MongoDB, to enable further development and experimentation with this technology. We’re also interested in more speculative methods which may allow us to inject full knowledge graphs into LLMs, which would demand a sophisticated understanding of knowledge representation.

References

Wang, C., Liu, X., Yue, Y., Tang, X., Zhang, T., Jiayang, C., Yao, Y., Gao, W., Hu, X., Qi, Z. and Wang, Y., 2023. Survey on factuality in large language models: Knowledge, retrieval and domain-specificity. arXiv preprint arXiv:2310.07521.
Edge, D., Trinh, H., Cheng, N., Bradley, J., Chao, A., Mody, A., Truitt, S., Metropolitansky, D., Ness, R.O. and Larson, J., 2024. From local to global: A graph rag approach to query-focused summarization. arXiv preprint arXiv:2404.16130.
Google Cloud (2026) Spanner Graph overview. Google Cloud Documentation. Available at: (Spanner Graph overview | Google Cloud Documentation) (Accessed: 27 February 2026).

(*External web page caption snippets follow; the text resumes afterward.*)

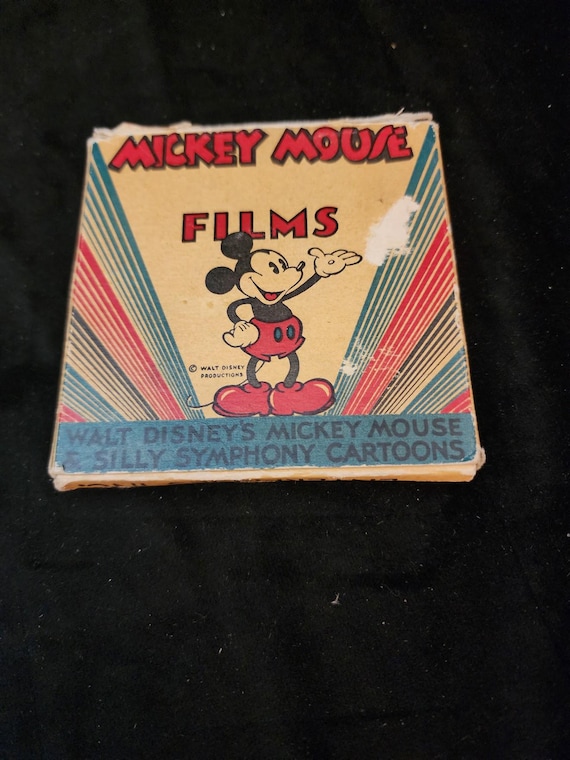 Vintage Mickey Mouse Cine Art Films Silly Symphony Cartoon 8 MM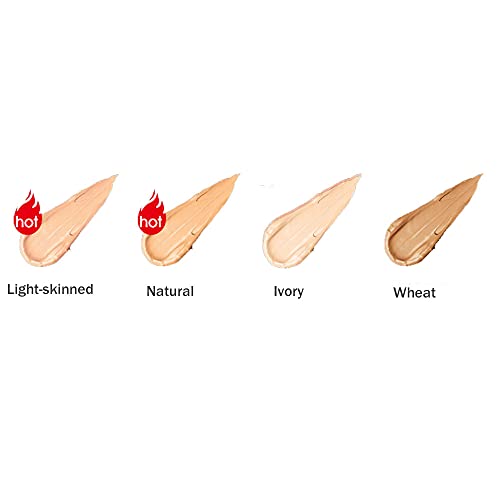 ZFC Foundation Makeup Concealer Foundation Cream Long Lasting Waterproof Matte Foundation Full Coverage Nude Makeup BB CC Foundation, Even Skin Tone Makeup Base Prime (Light-skinned)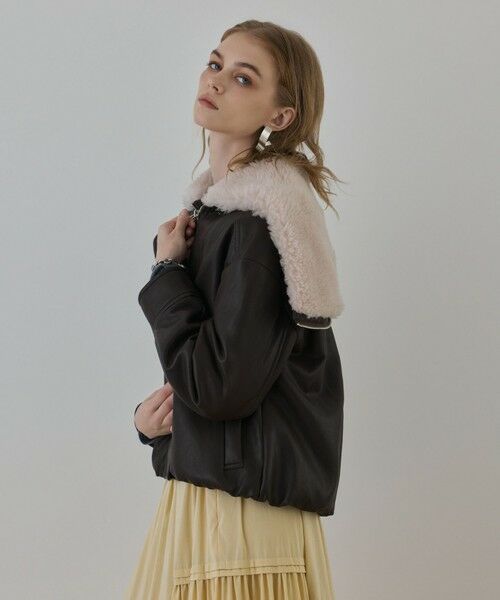 GRACE CONTINENTAL / グレースコンチネンタル その他アウター | フェイクレザーボンバージャケット | 詳細8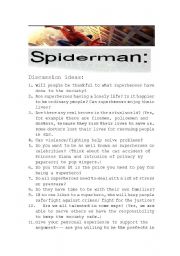 Spiderman worksheets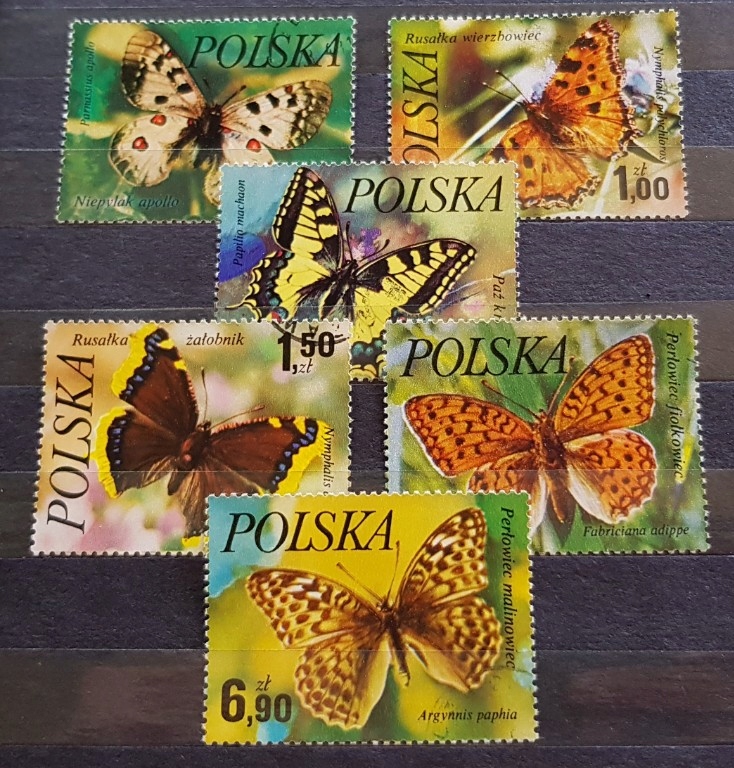 Znaczki pocztowe - motyle - Polska.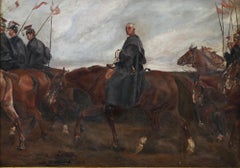 Joseph Bertrand after Jacques de Lalaing - 1900 Oil, A Cavalry Officer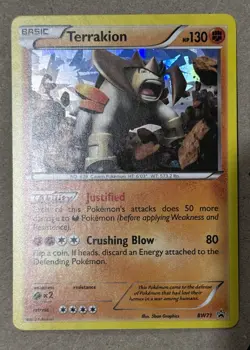 TERRAKION BW71 CRACKED ICE POKEMON BLACK WHITE BLACK STAR PROMO - Image 1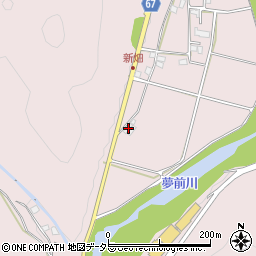 兵庫県姫路市夢前町置本480-3周辺の地図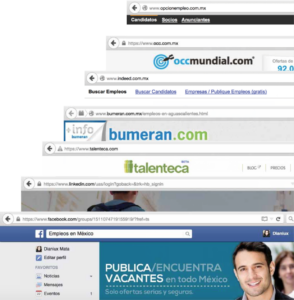 Bolsas de trabajo tradicionales, portales de empleo y redes sociales para reclutar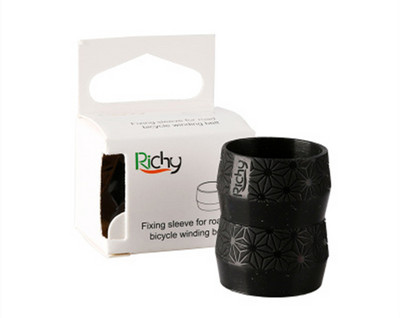 Richy Road Husă de bandă pentru ghidon de bicicletă EIEIO Manșon confortabil din silicon anti-alunecare Inel de fixare Accesorii pentru biciclete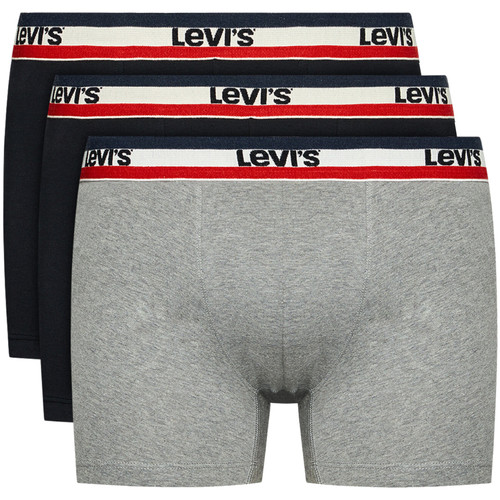 Spodnje perilo Moški Boksarice Levi's Boxer 3 Pairs Briefs Črna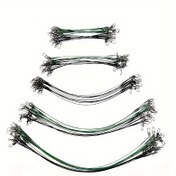 Resim 100 adet Dönerli Çelik Olta - 10cm, 15cm, 20cm, 25cm ve 30cm uzunluklarda sunulmaktadır - Büyük Balıkları Yakalamak İçin Önemli Bir Aksesuar. 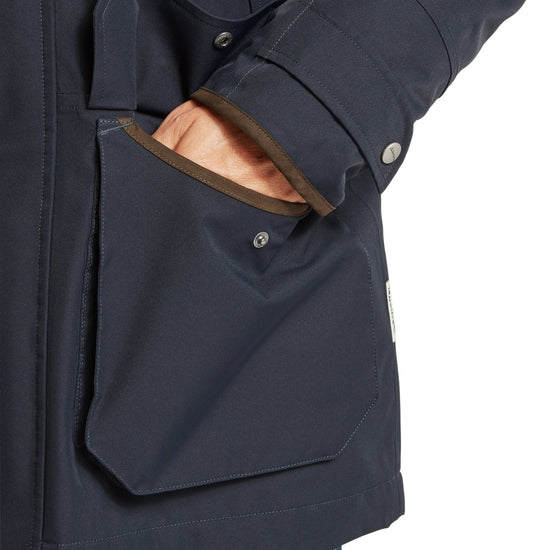 Young Ideas & Henmores -Barrow Country Coat -9604 Carbon Navy -38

Pan, S., Luo, L., Wang, Y., Chen, C., Wang, J. and Wu, X., 2024. Unifying large language models and knowledge graphs: A roadmap. IEEE Transactions on Knowledge and Data Engineering, 36(7), pp.3580-3599.

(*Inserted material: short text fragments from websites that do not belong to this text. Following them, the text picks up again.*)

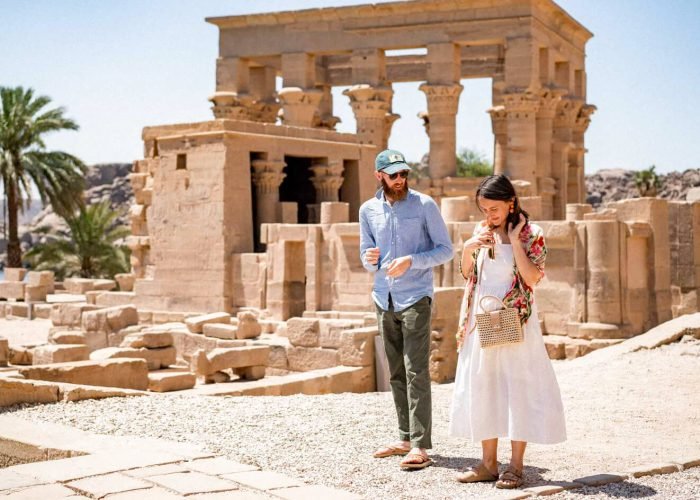 Gran Foto De La Pareja Del Templo De Philae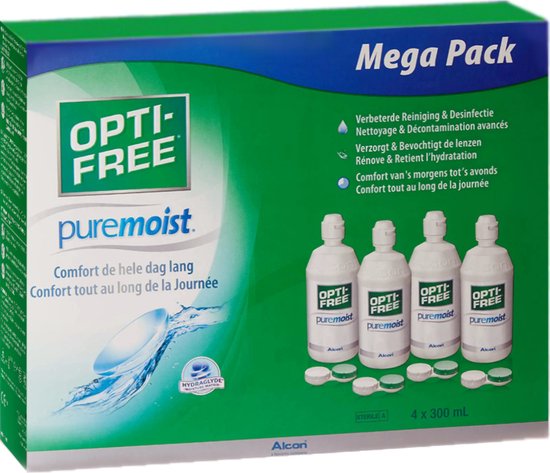 Opti-Free PureMoist Lenzenvloeistof – 4x 300 ml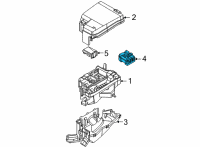 OEM 2022 Hyundai Sonata Box Assembly-Eng Module System Diagram - 91955-L2220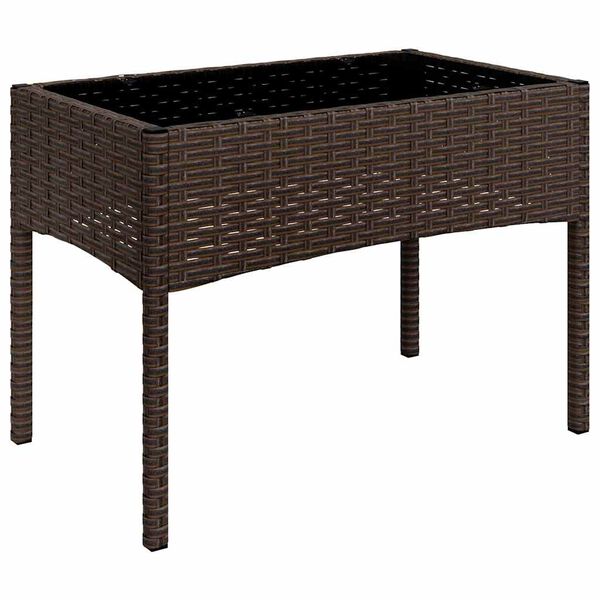 vidaXL Set Mobili da Giardino 4 pz con Cuscini in Polyrattan Marrone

Wang, X., Xiang, Y., Gui, L. and He, Y., 2025, July. PECAN: LLM-Guided Dynamic Progress Control with Attention-Guided Hierarchical Weighted Graph for Long-Document QA. In Findings of the Association for Computational Linguistics: ACL 2025 (pp. 13317-13335).
Huh, M., Cheung, B., Wang, T. and Isola, P., 2024. The platonic representation hypothesis. arXiv preprint arXiv:2405.07987.
Vaswani, A., Shazeer, N., Parmar, N., Uszkoreit, J., Jones, L., Gomez, A.N., Kaiser, Ł. and Polosukhin, I., 2017. Attention is all you need. Advances in neural information processing systems, 30. – (No for real bro, relationalism is all you need)
West, D.B., 2001. Introduction to graph theory (Vol. 2, pp. 1-150). Upper Saddle River: Prentice hall.
Chefer, H., Gur, S. and Wolf, L., 2021. Transformer interpretability beyond attention visualization. In Proceedings of the IEEE/CVF conference on computer vision and pattern recognition (pp. 782-791).
Joshi, C.K., 2025. Transformers are graph neural networks. arXiv preprint arXiv:2506.22084.
Bain, R., Festa, A., Lee, G.Y. and Zhang, A., 2022. Wittgenstein’s philosophy of language: The philosophical origins of modern NLP thinking. ArXiv, pp.1-21.